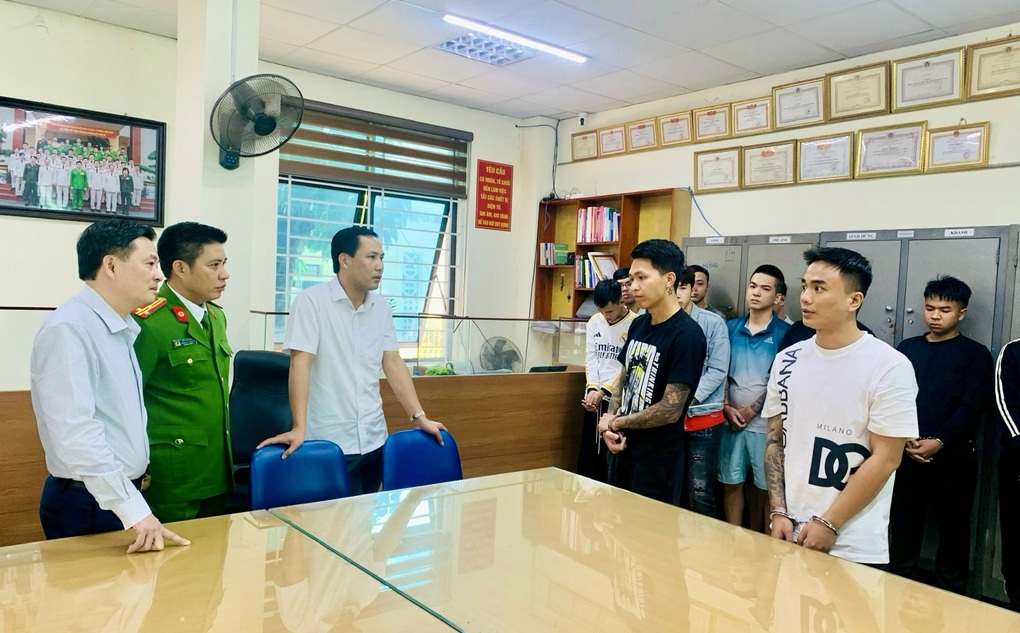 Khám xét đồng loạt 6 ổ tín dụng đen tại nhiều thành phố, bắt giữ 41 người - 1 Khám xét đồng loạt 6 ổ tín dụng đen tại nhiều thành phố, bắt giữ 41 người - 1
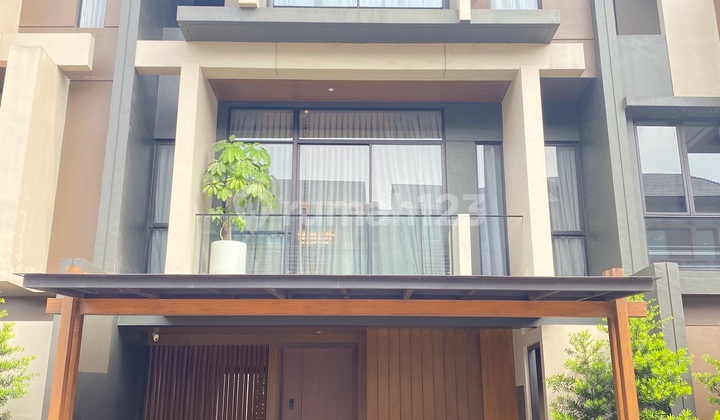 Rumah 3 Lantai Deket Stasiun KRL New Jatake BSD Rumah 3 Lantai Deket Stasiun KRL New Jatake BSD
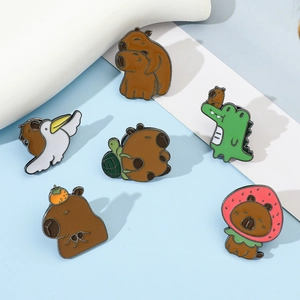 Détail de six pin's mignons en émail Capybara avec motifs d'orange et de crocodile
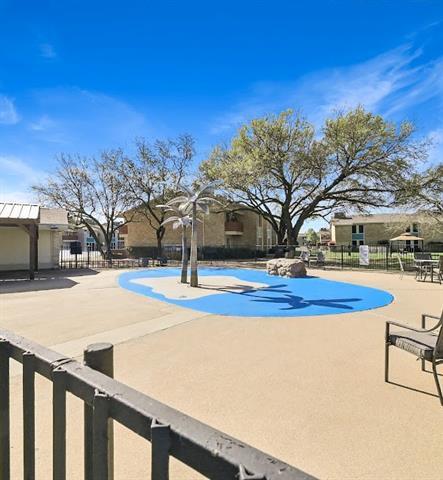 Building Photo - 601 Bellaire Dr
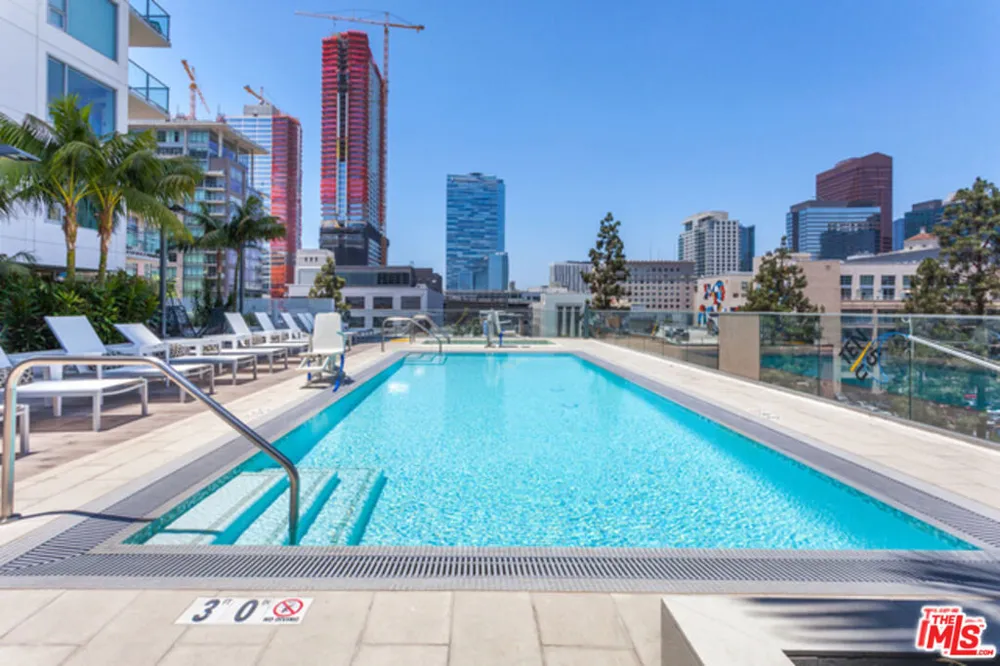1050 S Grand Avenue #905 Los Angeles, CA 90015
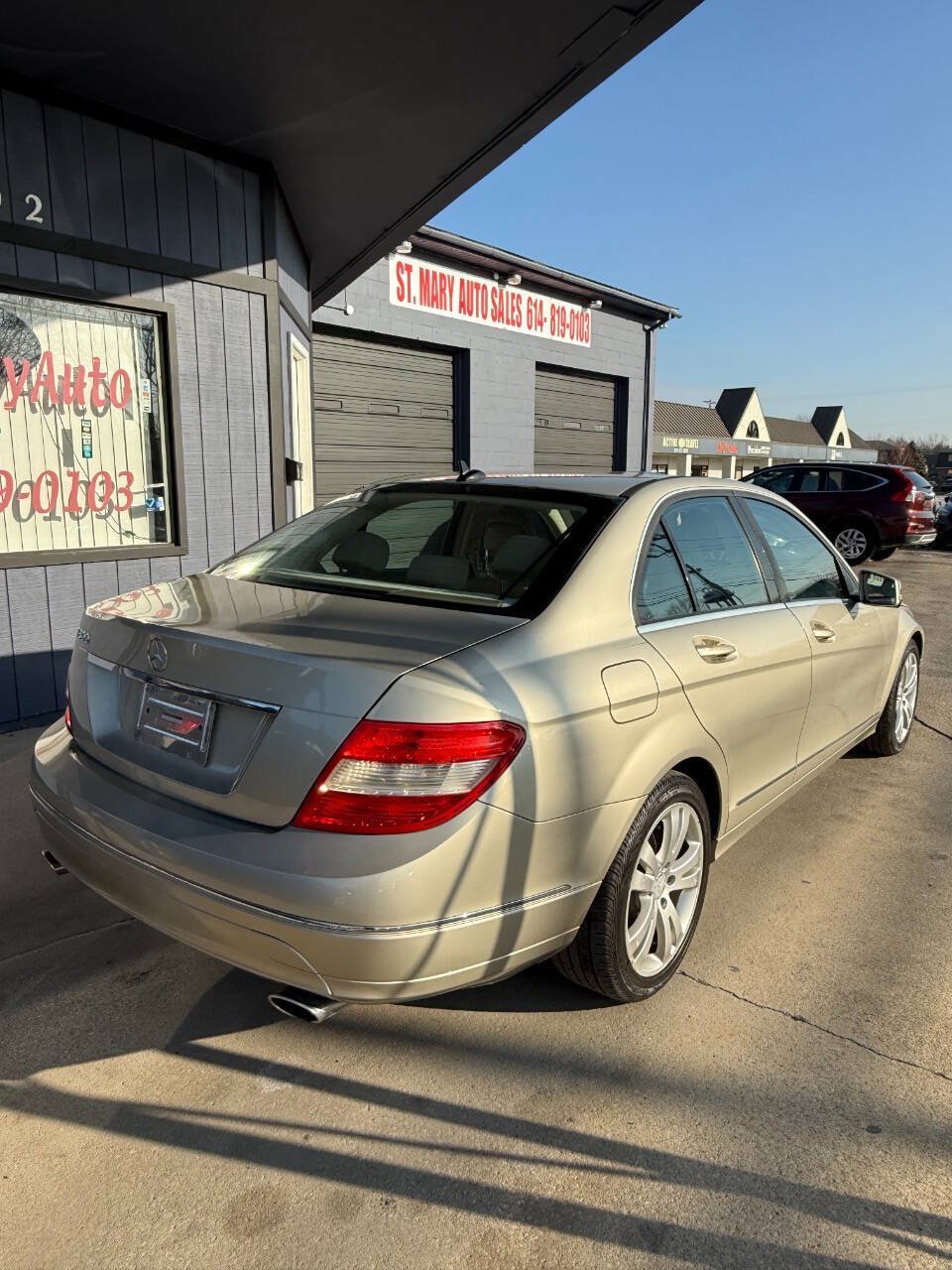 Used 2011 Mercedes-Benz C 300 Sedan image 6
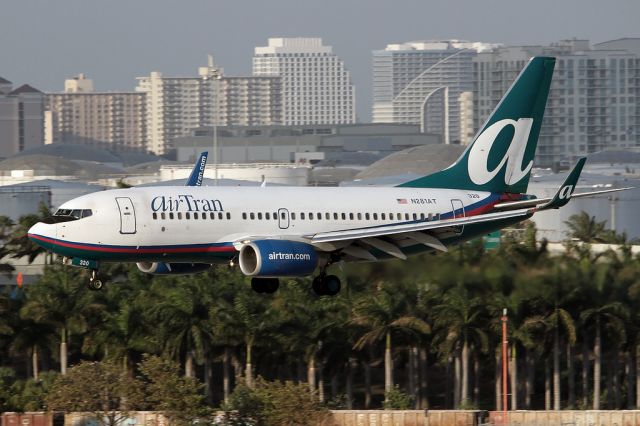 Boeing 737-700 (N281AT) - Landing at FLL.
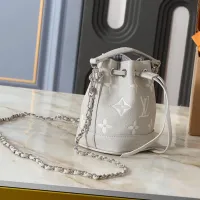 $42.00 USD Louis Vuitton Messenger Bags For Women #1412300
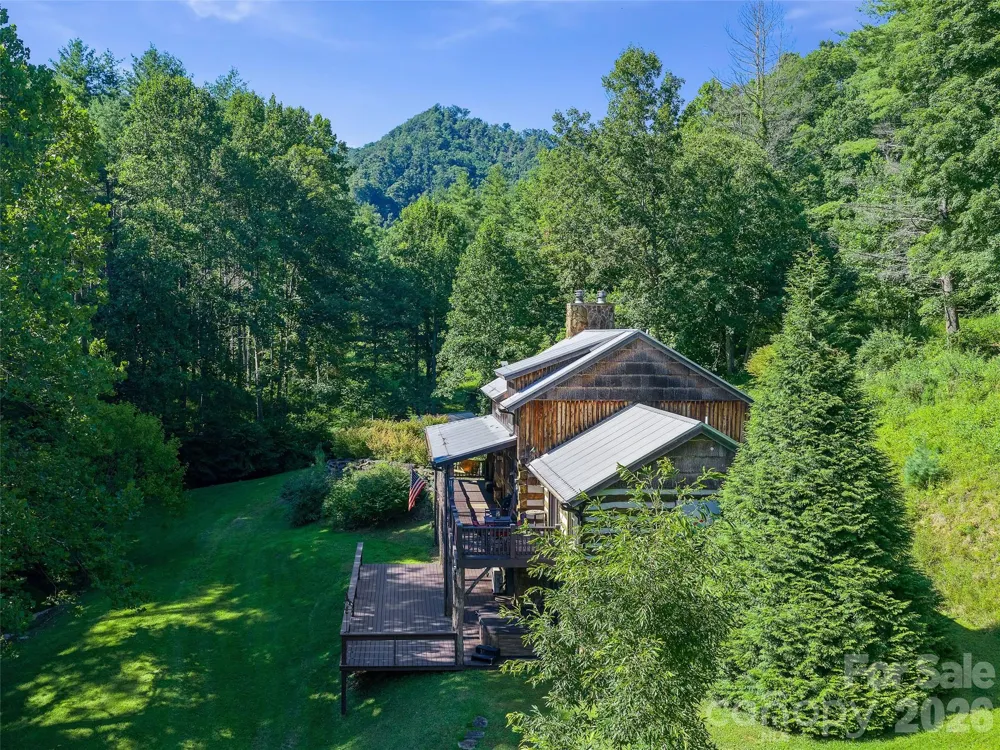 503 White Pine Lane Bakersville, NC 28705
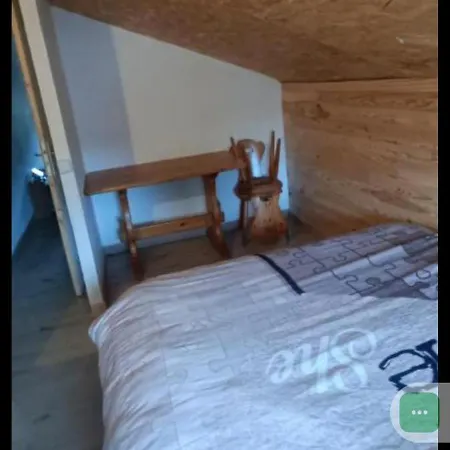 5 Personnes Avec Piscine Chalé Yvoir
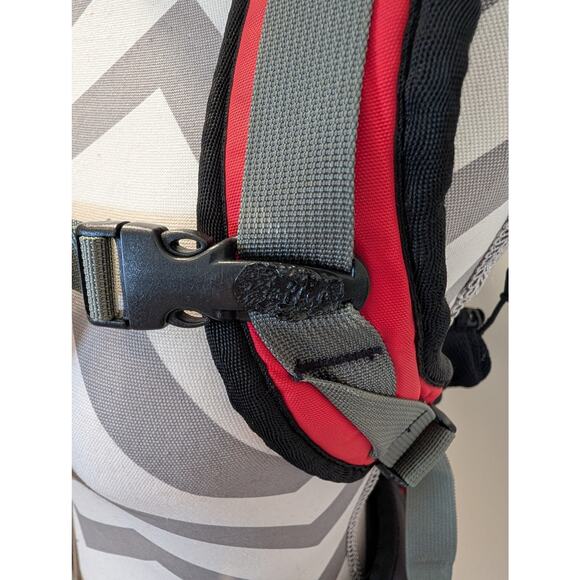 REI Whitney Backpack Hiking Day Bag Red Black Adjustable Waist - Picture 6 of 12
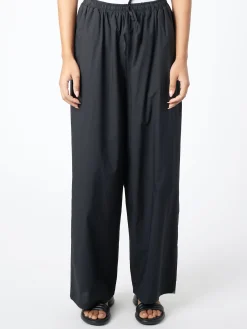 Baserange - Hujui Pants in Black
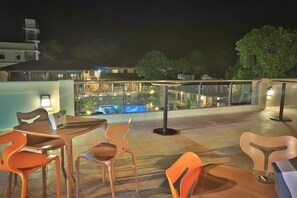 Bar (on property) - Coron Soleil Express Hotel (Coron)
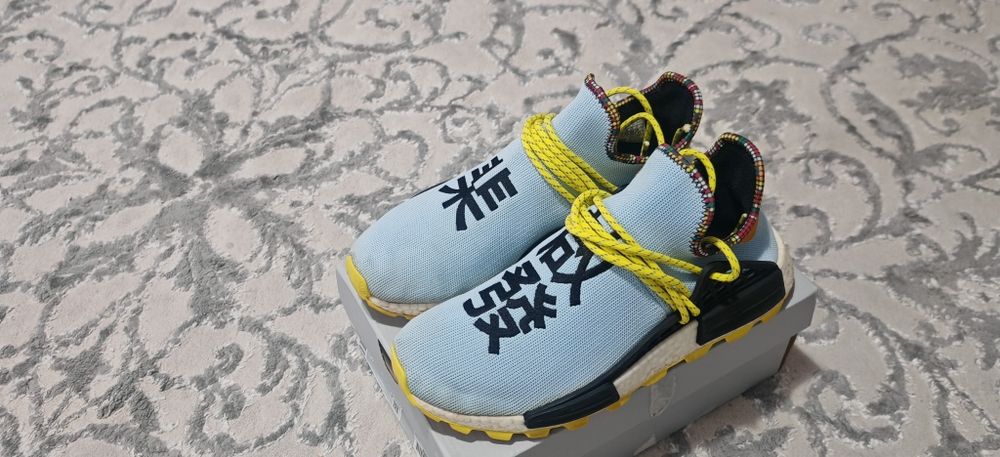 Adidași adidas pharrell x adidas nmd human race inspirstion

== == ==

## What is being asked
Please print exactly the lines from the one holding "Used 2011 Mercedes-Benz C 300 Sedan image 6" through the final line of the data above, including both, and skip all pictures.

## Exercise output
 Used 2011 Mercedes-Benz C 300 Sedan image 6
 Boeing 737-700 (N281AT) - Landing at FLL.
 $42.00 USD Louis Vuitton Messenger Bags For Women #1412300
 503 White Pine Lane Bakersville, NC 28705
 5 Personnes Avec Piscine Chalé Yvoir
 REI Whitney Backpack Hiking Day Bag Red Black Adjustable Waist - Picture 6 of 12
 Baserange - Hujui Pants in Black
 Bar (on property) - Coron Soleil Express Hotel (Coron)
 Adidași adidas pharrell x adidas nmd human race inspirstion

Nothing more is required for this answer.